Your answer is to be every line of the material that includes the string "Комплект".
....................
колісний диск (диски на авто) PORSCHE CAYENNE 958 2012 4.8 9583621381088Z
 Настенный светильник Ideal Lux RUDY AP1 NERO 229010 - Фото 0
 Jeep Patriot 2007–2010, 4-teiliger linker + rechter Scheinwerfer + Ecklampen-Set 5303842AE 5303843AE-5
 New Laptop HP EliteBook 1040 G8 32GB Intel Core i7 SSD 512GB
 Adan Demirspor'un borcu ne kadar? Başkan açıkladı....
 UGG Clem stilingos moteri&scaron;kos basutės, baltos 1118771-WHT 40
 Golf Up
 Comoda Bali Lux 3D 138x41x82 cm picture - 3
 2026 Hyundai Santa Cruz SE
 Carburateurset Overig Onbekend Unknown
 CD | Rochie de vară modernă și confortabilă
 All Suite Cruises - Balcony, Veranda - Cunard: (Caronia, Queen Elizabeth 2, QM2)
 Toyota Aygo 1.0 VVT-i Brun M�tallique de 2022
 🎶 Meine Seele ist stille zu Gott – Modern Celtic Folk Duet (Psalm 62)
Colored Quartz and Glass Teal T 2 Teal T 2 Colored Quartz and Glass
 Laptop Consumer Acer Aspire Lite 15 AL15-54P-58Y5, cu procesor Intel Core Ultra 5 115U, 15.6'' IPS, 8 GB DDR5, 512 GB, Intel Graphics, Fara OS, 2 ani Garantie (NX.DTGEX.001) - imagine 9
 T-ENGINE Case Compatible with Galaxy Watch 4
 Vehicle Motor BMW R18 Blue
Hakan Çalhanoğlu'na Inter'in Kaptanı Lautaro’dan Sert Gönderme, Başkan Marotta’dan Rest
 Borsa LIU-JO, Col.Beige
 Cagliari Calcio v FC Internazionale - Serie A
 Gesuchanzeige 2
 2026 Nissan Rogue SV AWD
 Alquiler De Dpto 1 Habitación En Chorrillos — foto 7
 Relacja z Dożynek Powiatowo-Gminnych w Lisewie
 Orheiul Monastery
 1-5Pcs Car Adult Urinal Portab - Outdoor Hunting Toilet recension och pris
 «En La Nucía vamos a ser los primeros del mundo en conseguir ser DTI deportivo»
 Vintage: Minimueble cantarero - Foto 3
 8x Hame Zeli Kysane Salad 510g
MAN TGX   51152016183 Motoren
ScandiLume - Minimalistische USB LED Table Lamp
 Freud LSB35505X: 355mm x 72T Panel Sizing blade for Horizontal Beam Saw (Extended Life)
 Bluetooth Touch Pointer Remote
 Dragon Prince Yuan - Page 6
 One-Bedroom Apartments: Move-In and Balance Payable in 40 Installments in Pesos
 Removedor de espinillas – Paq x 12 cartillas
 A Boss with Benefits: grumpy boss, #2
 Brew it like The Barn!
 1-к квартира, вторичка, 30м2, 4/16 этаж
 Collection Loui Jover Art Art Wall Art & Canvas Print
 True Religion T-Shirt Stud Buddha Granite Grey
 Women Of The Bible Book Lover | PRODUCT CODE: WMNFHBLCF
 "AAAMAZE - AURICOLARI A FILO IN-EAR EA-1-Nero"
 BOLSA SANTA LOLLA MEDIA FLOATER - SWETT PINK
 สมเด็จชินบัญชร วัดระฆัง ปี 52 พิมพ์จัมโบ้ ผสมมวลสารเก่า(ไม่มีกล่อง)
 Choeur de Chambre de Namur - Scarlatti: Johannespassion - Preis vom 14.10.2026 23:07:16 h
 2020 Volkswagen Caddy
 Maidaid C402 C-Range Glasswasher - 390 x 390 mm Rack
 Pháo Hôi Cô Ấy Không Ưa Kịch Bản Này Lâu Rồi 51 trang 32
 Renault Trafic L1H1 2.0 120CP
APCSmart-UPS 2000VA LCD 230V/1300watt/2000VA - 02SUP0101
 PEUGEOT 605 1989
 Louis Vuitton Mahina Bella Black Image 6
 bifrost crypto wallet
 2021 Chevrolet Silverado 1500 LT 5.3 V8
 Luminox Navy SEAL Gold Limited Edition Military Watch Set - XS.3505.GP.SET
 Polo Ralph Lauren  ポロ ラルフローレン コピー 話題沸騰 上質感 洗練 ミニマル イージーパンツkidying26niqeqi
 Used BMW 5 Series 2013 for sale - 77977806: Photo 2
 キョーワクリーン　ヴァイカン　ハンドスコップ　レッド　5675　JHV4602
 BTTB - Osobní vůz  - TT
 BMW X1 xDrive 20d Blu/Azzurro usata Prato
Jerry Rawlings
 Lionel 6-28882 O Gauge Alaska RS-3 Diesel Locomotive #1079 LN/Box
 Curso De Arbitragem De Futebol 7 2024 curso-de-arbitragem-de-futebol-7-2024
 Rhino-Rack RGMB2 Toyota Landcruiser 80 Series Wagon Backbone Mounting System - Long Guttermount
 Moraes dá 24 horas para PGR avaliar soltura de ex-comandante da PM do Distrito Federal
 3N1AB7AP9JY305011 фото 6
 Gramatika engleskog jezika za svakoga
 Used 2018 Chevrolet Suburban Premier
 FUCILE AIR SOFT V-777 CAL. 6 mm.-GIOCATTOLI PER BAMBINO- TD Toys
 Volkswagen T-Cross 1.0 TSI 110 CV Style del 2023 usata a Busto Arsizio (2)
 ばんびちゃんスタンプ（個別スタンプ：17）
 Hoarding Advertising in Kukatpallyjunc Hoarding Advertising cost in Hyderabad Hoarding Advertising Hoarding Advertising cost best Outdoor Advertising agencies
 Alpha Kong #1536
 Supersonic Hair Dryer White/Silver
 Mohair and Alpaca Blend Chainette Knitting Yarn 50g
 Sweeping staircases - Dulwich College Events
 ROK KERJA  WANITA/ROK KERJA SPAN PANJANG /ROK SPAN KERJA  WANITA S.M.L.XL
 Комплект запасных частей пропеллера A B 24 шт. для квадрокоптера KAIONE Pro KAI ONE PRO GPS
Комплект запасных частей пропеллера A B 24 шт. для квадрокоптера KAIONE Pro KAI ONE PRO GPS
....................
**Task output:**
 Комплект запасных частей пропеллера A B 24 шт. для квадрокоптера KAIONE Pro KAI ONE PRO GPS
Комплект запасных частей пропеллера A B 24 шт. для квадрокоптера KAIONE Pro KAI ONE PRO GPS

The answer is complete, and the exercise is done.